È stato uno degli omicidi più efferati degli ultimi decenni nel Nordest. Nell’agosto 2007, a Gorgo al Monticano, in provincia di Treviso, una coppia di coniugi, che facevano i custodi nella villa di un industriale, vennero seviziati e uccisi da un malvivente che voleva la combinazione della cassaforte dei proprietari, in quel momento in vacanza. A distanza di quindici anni, il figlio di Guido Pelliciardi e di Lucia Comin, le vittime, ha ricevuto una beffarda cartella esattoriale dall’Agenzia delle Entrate che gli chiede di pagare 1.639 euro per le spese di deposito di una sentenza, in una causa contro lo Stato che egli ha vinto.
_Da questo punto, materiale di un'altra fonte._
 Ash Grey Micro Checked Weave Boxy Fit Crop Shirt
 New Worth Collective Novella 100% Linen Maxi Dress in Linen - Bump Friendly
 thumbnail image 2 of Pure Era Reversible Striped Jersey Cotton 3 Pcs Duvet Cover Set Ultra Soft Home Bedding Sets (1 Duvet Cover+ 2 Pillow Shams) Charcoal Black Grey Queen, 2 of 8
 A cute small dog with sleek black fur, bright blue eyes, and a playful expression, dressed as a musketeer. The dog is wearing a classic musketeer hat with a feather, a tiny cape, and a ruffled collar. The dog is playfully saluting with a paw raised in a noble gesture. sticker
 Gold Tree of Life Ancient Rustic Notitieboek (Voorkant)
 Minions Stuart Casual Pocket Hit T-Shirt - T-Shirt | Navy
Era riuscito a entrare in possesso di una minima parte della somma che i malviventi, nullatenenti, sono stati condannati a risarcire. Per questo non era tenuto a pagare nulla.
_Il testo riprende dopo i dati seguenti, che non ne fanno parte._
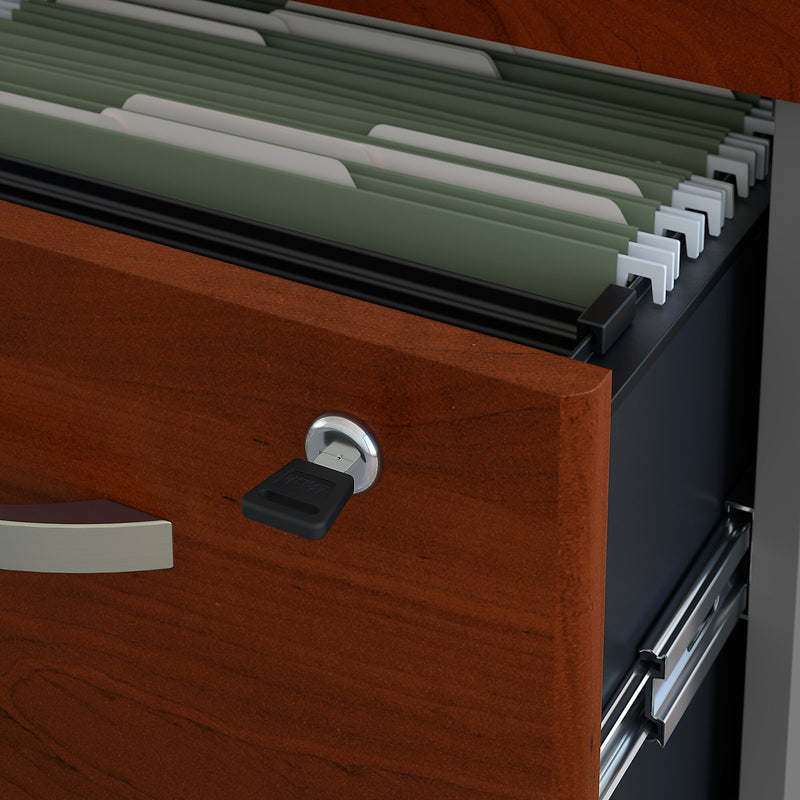 Bush Business Furniture Series C 3-Drawer Mobile Vertical File Cabinet, Letter/Legal Size, Lockable, Hansen Cherry(BSHWC24453SU)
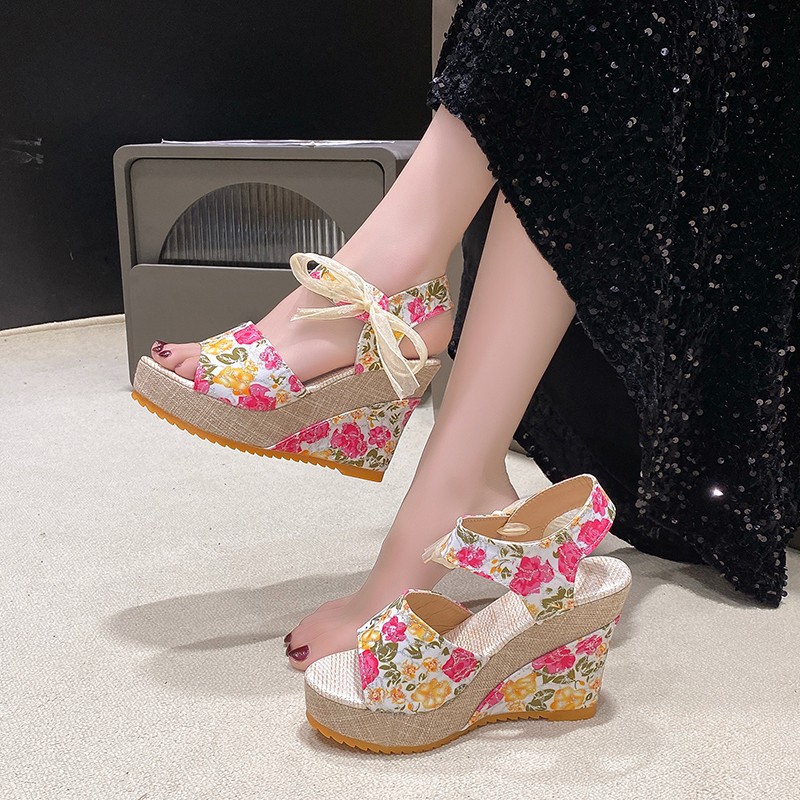 New long-term women's sandals with flat slope and lace fish-mouth Velcro, one-line buckle, muffin and thick sole factory details Picture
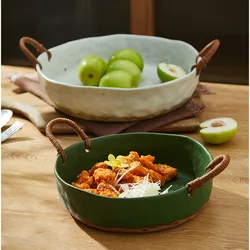 Japanese Double Ear Hemp Rope Fruit Basket Vintage Ceramic Snack Plate Multifunctional Christmas Tableware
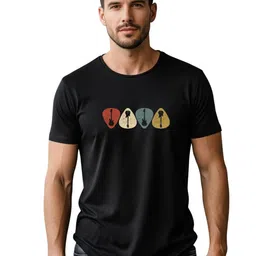 PULP Unisex Guitar Printed Cotton Blend Regular T-shirt-picture-0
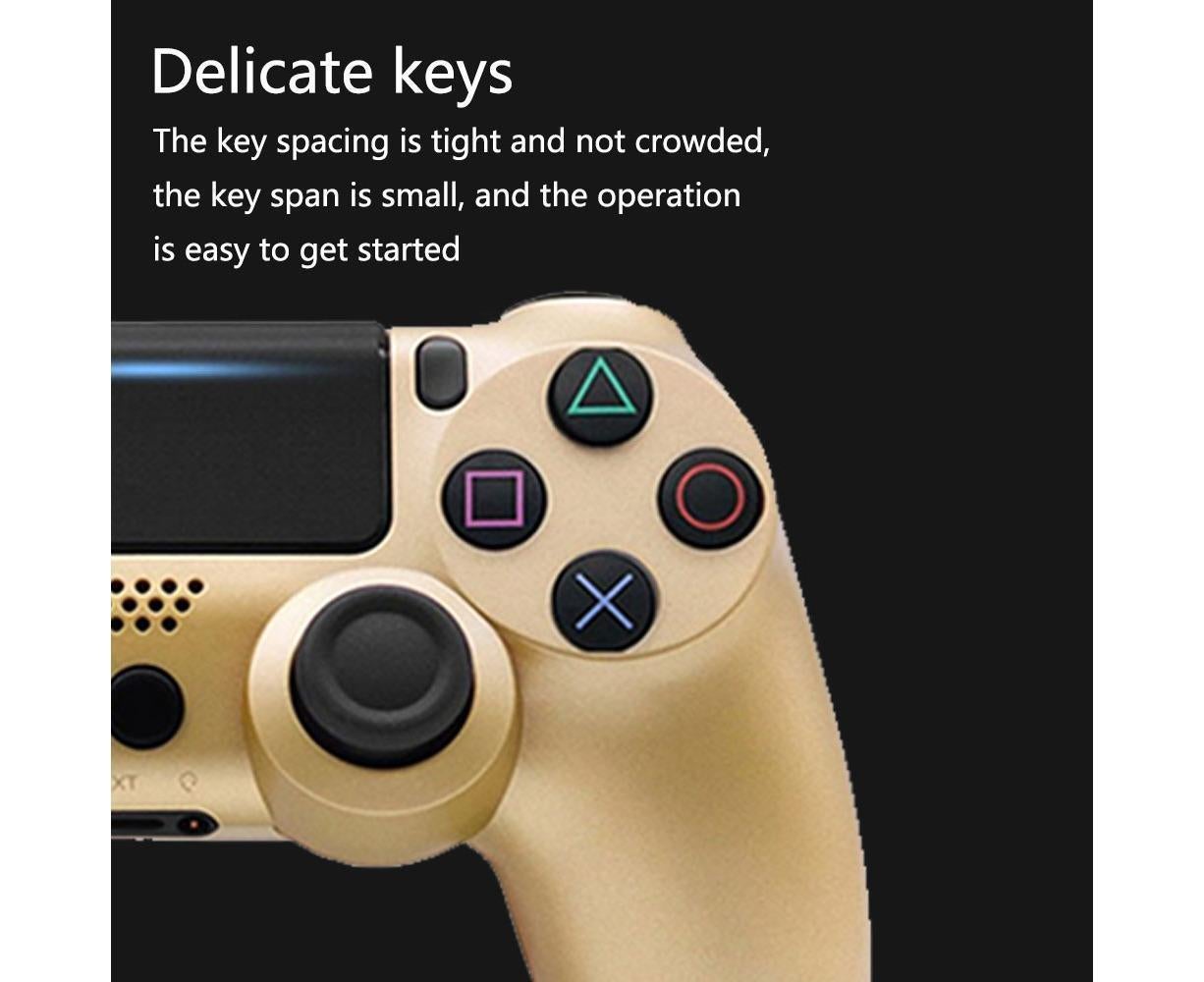 Wireless Game Controller Ps4 Controller Bluetooth Dual Head Head Handle Joystick Game Pad For The Game Console 4 - Gold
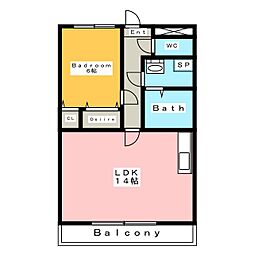 ジェイド2 1LDKの間取図画像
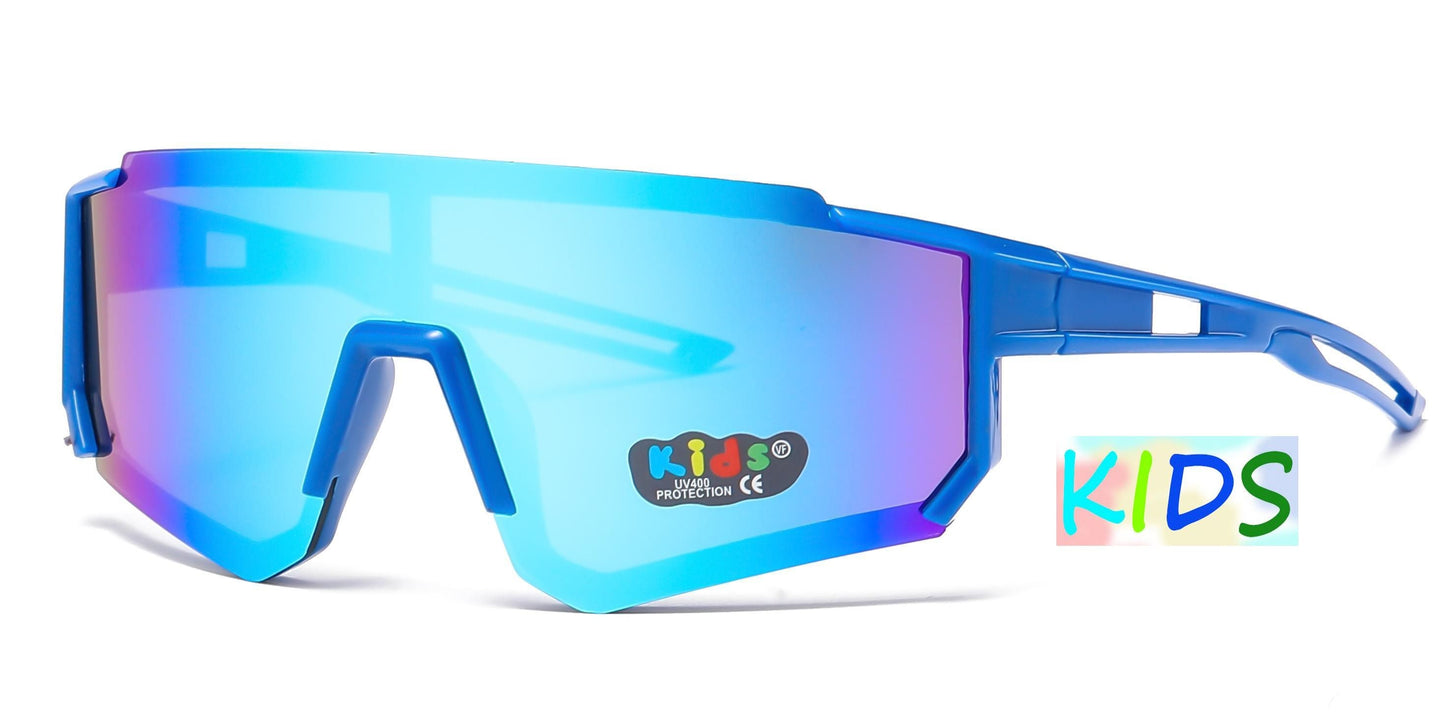 DS-4583 - Lentes deportivos para niños tipo escudo con mica espejo de color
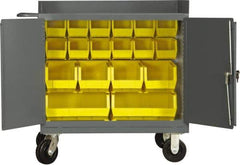 Durham - 2,000 Lb Capacity, 24" Wide x 36" Long x 40-1/2" High Mobile Cart - 2 Door, Steel, 2 Rigid/2 Swivel Casters - Best Tool & Supply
Vicenda paradossale non tanto di malagiustizia, quanto di malaburocrazia. Un errore, che però sa di beffa, visto il calvario che l’uomo ha subìto da un punto di vista procedurale. “Abbiamo presentato subito istanza di sgravio, vista l’assoluta infondatezza della richiesta delle Entrate – spiega l’avvocato Alessandro Romoli di Treviso, che assiste Pelliciardi in sede civile, dopo averlo fatto in sede penale – perché se avessimo pagato, ci saremmo trovati nella paradossale situazione di dover avviare un’altra causa, che si aggiungerebbe alle innumerevoli che abbiamo già fatto”.
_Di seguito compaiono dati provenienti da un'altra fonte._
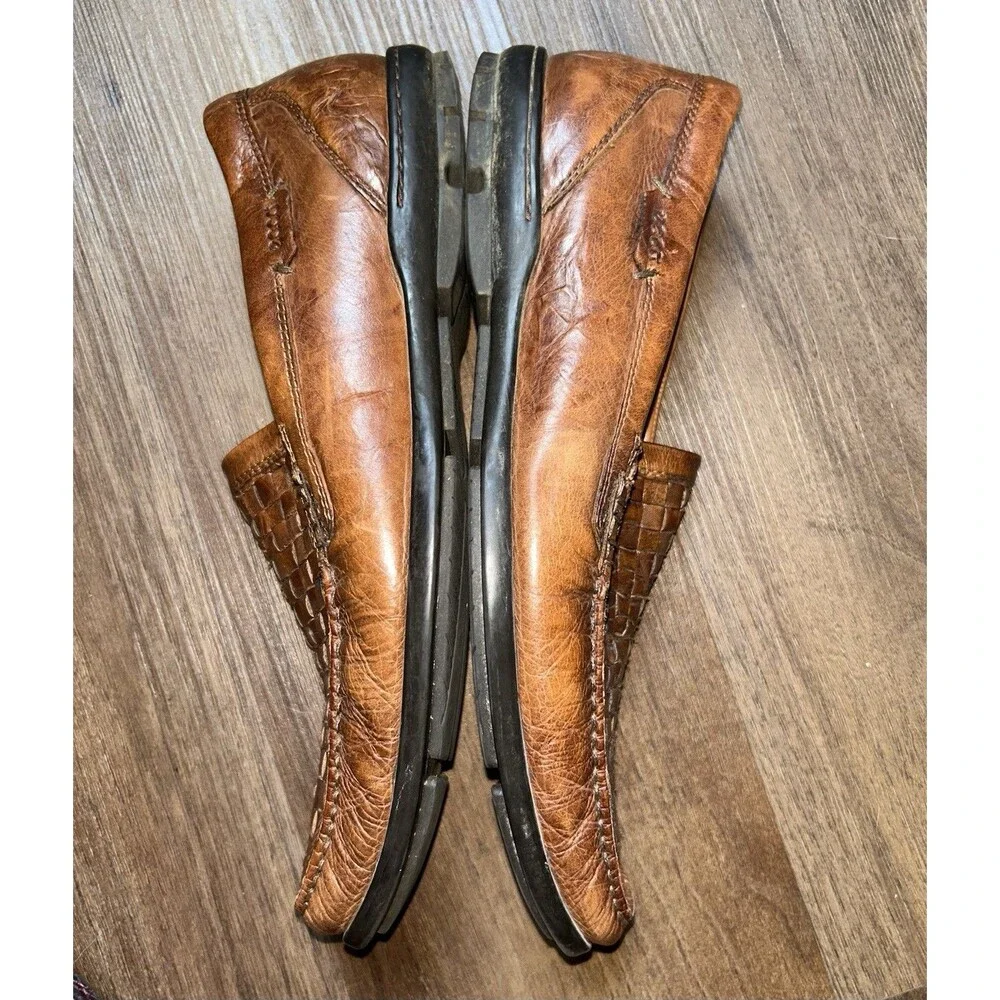 Ecco Brown Leather Woven Slip On Dress Shoes Men’s Size 44 US 10-10.5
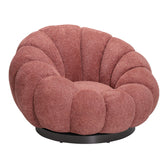 Fotoliu swivel cu taburet Nester, Boucle, Mar Putred, Roz, 98x97x69 cm, imagine suplimentara
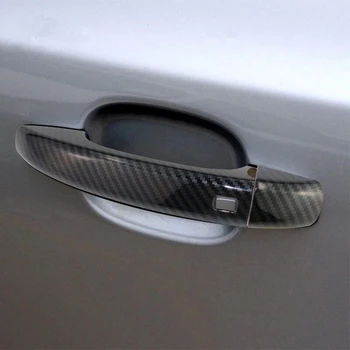 עבור אאודי S4 A5 2009 2010 2011-2013 2014 2015 סיבי פחמן שחור ABS Chrome דלת המכונית להתמודד עם מכסה לחיתוך מדבקות אביזרי רכב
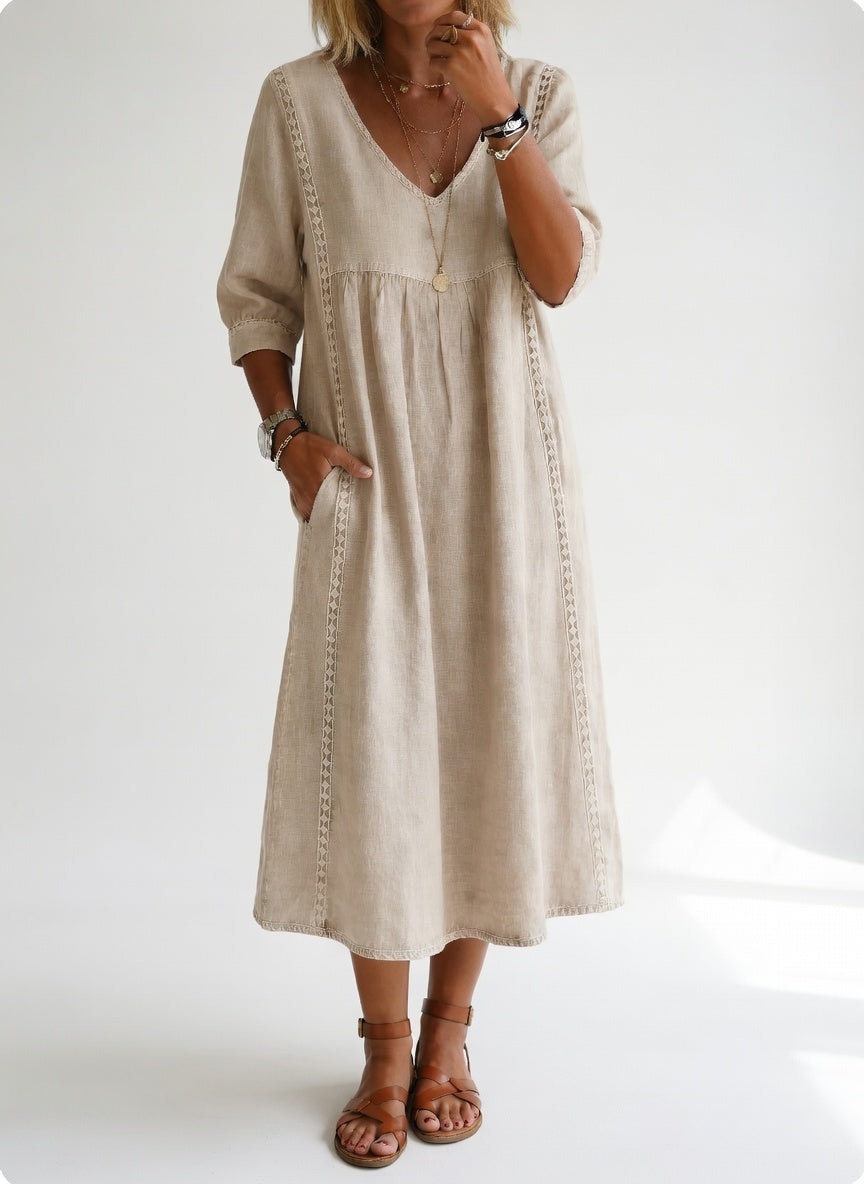 LIOREA | Robe midi fluide décontractée élégante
Il 21 agosto 2007 nella villa della famiglia Durante a Gorgo era entrato per rubare solo uno dei tre componenti della banda. Credevano di trovare un tesoro. Artur Lleshi, 33 anni, albanese, aveva infierito in modo bestiale sui coniugi, probabilmente sotto effetto di stupefacenti. Non aveva trovato nulla e li aveva uccisi. Si è suicidato in carcere poco dopo essere stato arrestato. Il complice connnazionale, Naim Stafa, che oggi ha 48 anni, non era nemmeno entrato, ma secondo le sentenze aveva diretto l’operazione, dando indicazioni su come comportarsi a Lleshi. Il terzo uomo era il basista, un romeno di 19 anni, Alin Bogdaneanu, che lavorava nella fabbrica dei Durante e che aveva indicato l’obiettivo. Nel giro di qualche settimana tutti e tre erano finiti in carcere. Al processo Stafa era stato condannato all’ergastolo, il romeno a 18 anni. La condanna al risarcimento del danno era stata di un milione di euro, soldi che i due imputati non avevano.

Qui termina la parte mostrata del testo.